Com a mensagem "Lula: ABRa os OLHOS. Salve o Clima", o Greenpeace exigiu do Presidente Luiz Inácio Lula da Silva a criação, via decreto, de uma Zona de Amortecimento (ZA) com 95 mil quilômetros quadrados para proteger o Parque Marinho e ajudar a manter a capacidade dos oceanos de atuarem como reguladores climáticos.
A região tem a maior biodiversidade do Atlântico Sul, com um mosaico de ambientes marinhos e costeiros margeados por remanescentes de Mata Atlântica, incluindo recifes de coral, fundos de algas, manguezais, praias e restingas. Lá podem ser encontradas várias espécies endêmicas (que só existem na região), incluindo o coral-cérebro, crustáceos e moluscos, além de tartarugas e mamíferos marinhos ameaçados, como as baleias jubarte.

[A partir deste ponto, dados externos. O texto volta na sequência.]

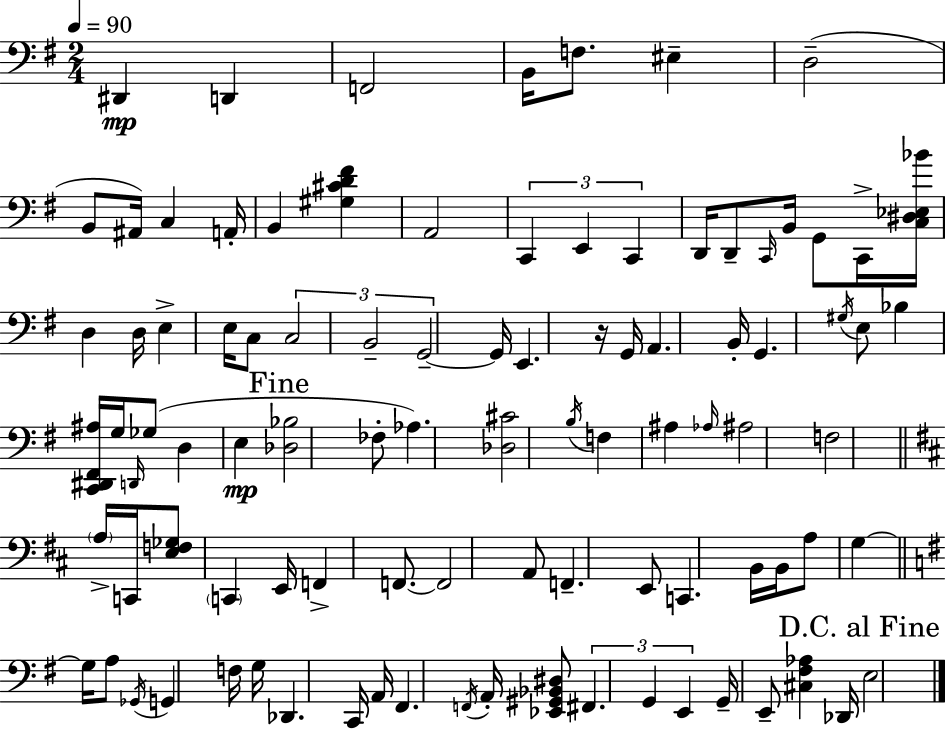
X:1
T:Untitled
M:2/4
L:1/4
K:G
^D,, D,, F,,2 B,,/4 F,/2 ^E, D,2 B,,/2 ^A,,/4 C, A,,/4 B,, [^G,^CD^F] A,,2 C,, E,, C,, D,,/4 D,,/2 C,,/4 B,,/4 G,,/2 C,,/4 [C,^D,_E,_B]/4 D, D,/4 E, E,/4 C,/2 C,2 B,,2 G,,2 G,,/4 E,, z/4 G,,/4 A,, B,,/4 G,, ^G,/4 E,/2 _B, [C,,^D,,^F,,^A,]/4 G,/4 D,,/4 _G,/2 D, E, [_D,_B,]2 _F,/2 _A, [_D,^C]2 B,/4 F, ^A, _A,/4 ^A,2 F,2 A,/4 C,,/4 [E,F,_G,]/2 C,, E,,/4 F,, F,,/2 F,,2 A,,/2 F,, E,,/2 C,, B,,/4 B,,/4 A,/2 G, G,/4 A,/2 _G,,/4 G,, F,/4 G,/4 _D,, C,,/4 A,,/4 ^F,, F,,/4 A,,/4 [_E,,^G,,_B,,^D,]/2 ^F,, G,, E,, G,,/4 E,,/2 [^C,^F,_A,] _D,,/4 E,2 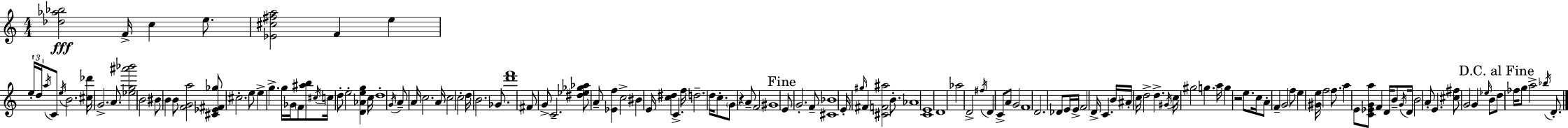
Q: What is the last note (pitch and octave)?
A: D4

A Zona de Amortecimento, quando criada, impedirá atividades econômicas como a instalação de plataformas de petróleo e fazendas de camarão na região. Em 2003, a Agência Nacional do Petróleo (ANP) chegou a ofertar 243 blocos de exploração de óleo e gás no entorno do Parque de Abrolhos em rodada de licitação. Na época, a sociedade civil se mobilizou, a ANP retrocedeu e o Ibama editou a portaria 39 criando a ZA, mas a medida foi suspensa pela justiça em 2007.
- Em plena crise climática, Abrolhos, região mais rica em biodiversidade marinha e recifes de corais do Atlântico Sul, continua vulnerável à exploração de petróleo - disse Leandra Gonçalves, da campanha de oceanos do Greenpeace. - Ou seja, a região está duplamente ameaçada: pelos vetores e pelos impactos do aquecimento global.

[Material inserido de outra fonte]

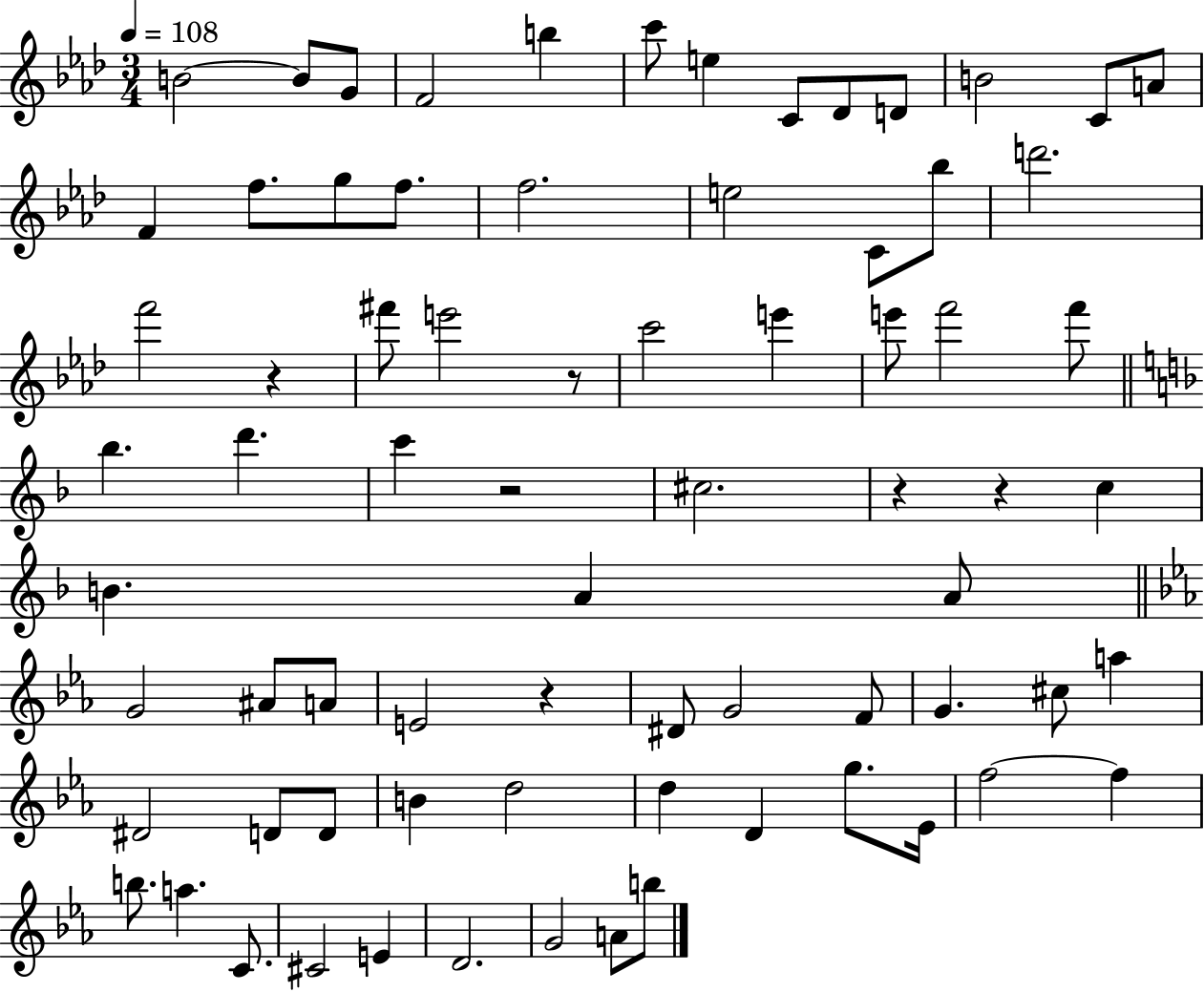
B4/h B4/e G4/e F4/h B5/q C6/e E5/q C4/e Db4/e D4/e B4/h C4/e A4/e F4/q F5/e. G5/e F5/e. F5/h. E5/h C4/e Bb5/e D6/h. F6/h R/q F#6/e E6/h R/e C6/h E6/q E6/e F6/h F6/e Bb5/q. D6/q. C6/q R/h C#5/h. R/q R/q C5/q B4/q. A4/q A4/e G4/h A#4/e A4/e E4/h R/q D#4/e G4/h F4/e G4/q. C#5/e A5/q D#4/h D4/e D4/e B4/q D5/h D5/q D4/q G5/e. Eb4/s F5/h F5/q B5/e. A5/q. C4/e. C#4/h E4/q D4/h. G4/h A4/e B5/e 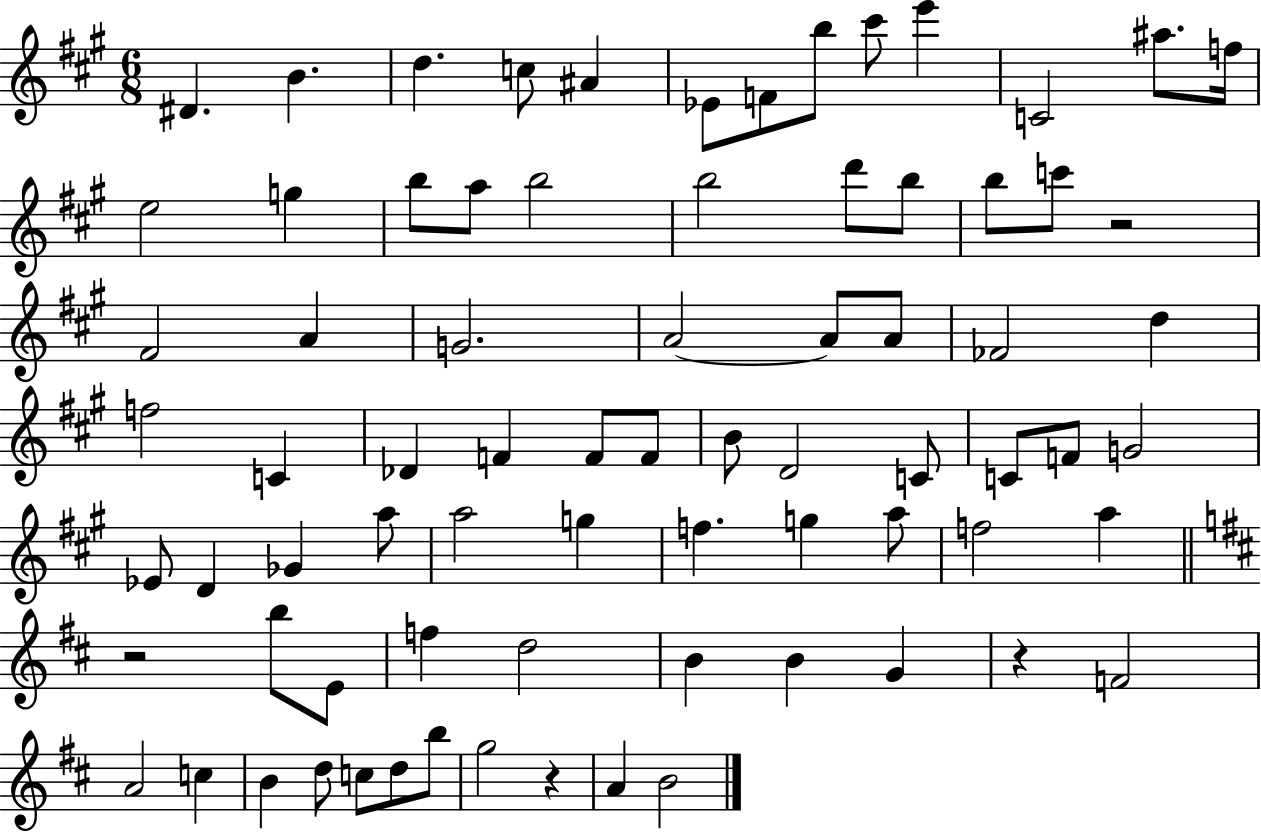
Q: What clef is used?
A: treble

Entre os impactos do aquecimento global que afetam os oceanos estão a elevação do nível do mar, o branqueamento dos corais, a acidificação das águas e a perda da biodiversidade.
Na região de Abrolhos, especificamente, a exploração de petróleo e a carcinicultura ameaçam uma grande área de algas calcáreas, que funcionam como depósitos de carbono. São organismos como estes que tornam os oceanos os maiores sumidouros de carbono do planeta.
- Os mares retiram cerca de 90% do CO2 lançado na atmosfera. No entanto, as águas cada vez mais ácidas por conta do aumento da temperatura e a degradação ambiental fazem com que os oceanos percam gradativamente sua função de reguladores climáticos do planeta - afirma Leandra.
A ameaça da exploração de petróleo e gás em Abrolhos está ligada ao aumento da participação de combustíveis fósseis na matriz energética brasileira. Em dezembro de 2008, o governo brasileiro lançou o Plano Decenal de Energia Elétrica (PDEE), atualmente em consulta pública. Na contramão dos esforços globais de combate às mudanças climáticas, o plano prevê a instalação de 68 novas usinas termelétricas fósseis no país, das quais 41 utilizarão óleo combustível, um derivado do petróleo. A conseqüência será um crescimento de 172% das emissões de gases de efeito estufa do setor elétrico. As emissões do setor, que hoje somam 14,4 milhões de toneladas, saltarão para 39,3 milhões de toneladas em 2017.
O Greenpeace defende que uma das formas de o Brasil combater as mudanças climáticas é aumentar a participação de energias renováveis na matriz energética dos atuais 2% para 20%, até 2020, conforme consta de sua crítica ao PDEE apresentada em audiência pública realizada em Brasília em fevereiro.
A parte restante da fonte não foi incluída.